Let me clue you all in on a secret. For the time being (until Nameless Nationwide Department Store changes their computer system, which is supposedly going to happen soon), I have a little bit of leeway regarding scheduling service dates. I click the button to show me the next available dates, but if there is a VERY good reason, I can manually enter an earlier date. I can't bend the rules for everyone, all day long, but sometimes there are valid reasons to work with a customer and provide them with a better date. If I'm still around after they switch systems, I won't be able to do that any more, but for now, I can.

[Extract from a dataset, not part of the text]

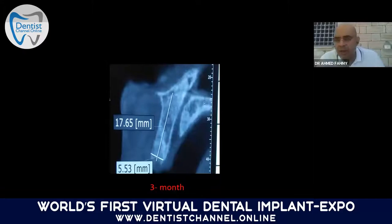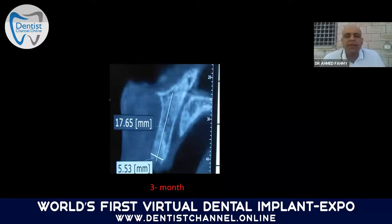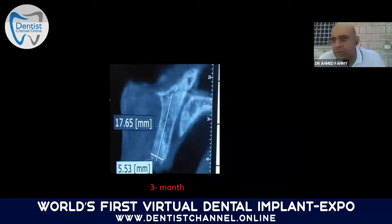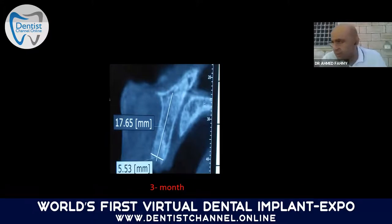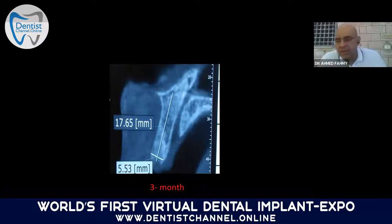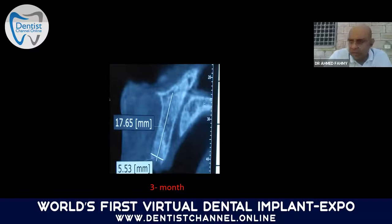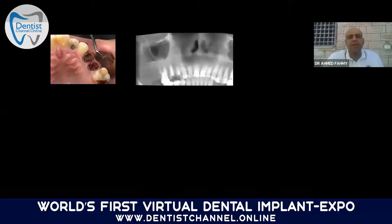After three months, the patient returned to our clinic. On CBCT evaluation, the bone diameter measured 5.5 mm in width and 17 mm in height — perfectly suitable for implant placement.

Now let me clue you in on another secret. When a customer acts like a total figlio di puttana and makes fun of every word I say because he's Not Getting His Way, it is going to be a cold day in you-know-where before I stick my freaking neck out for him and bend the rules. You want to sit there and insult every single thing I tell you? Fine. Then I will sit here and insist that the best service date I can give you is the one that the computer is giving me, even when I know darn well that I COULD do somewhat better for you. Not as much better as THIS customer demanded... it's humanly impossible for me to give you a first-thing-tomorrow-morning repairman visit when I'm talking to you at 4:45 PM today. That just flat-out can't be done, at least not by me. But a better date than the computer was giving me? Yeah, I could have done it. I probably would have, too, if I hadn't had to sit there for ten solid minutes and listen to insults every time I tried to tell him anything.

Eventually I convinced him to take down the 800 number to call customer service. They probably WILL give him a better date. Fine. But I was darned if *I* was going to do it. Not to mention, if I recognize his name on any MORE service orders, I'll be dratted if I'll call him again unless I absolutely, positively must. I pity whoever lives with this guy... nobody, but NOBODY could possibly spring into Evil Mode that readily unless they've got plenty of practice doing it. God help the people who have to deal with him face-to-face, and can't be done with him by simply ending a phone call.
----
On to lighter news. I watched my odometer turn over to 30,000 miles on the way home today. I was on I-476 South, crossing the Plymouth Creek, when it happened. That means I've pretty much doubled the mileage it had on it when I got it. I bought my little 1989 car used in 1991. At the time, it had about 14,500 miles on it. It's nearly 12 years later, and now it's got 30K miles on it... I guess you could say I don't drive a whole lot, huh? :o) That's a result of living in the city, where I can take public transportation or walk to a lot of the places I need to go.

With any luck, before long I will be able to go BACK to not driving so much. I would love a SEPTA-accessible job assignment, or at least one that's not a 50-mile/day round trip.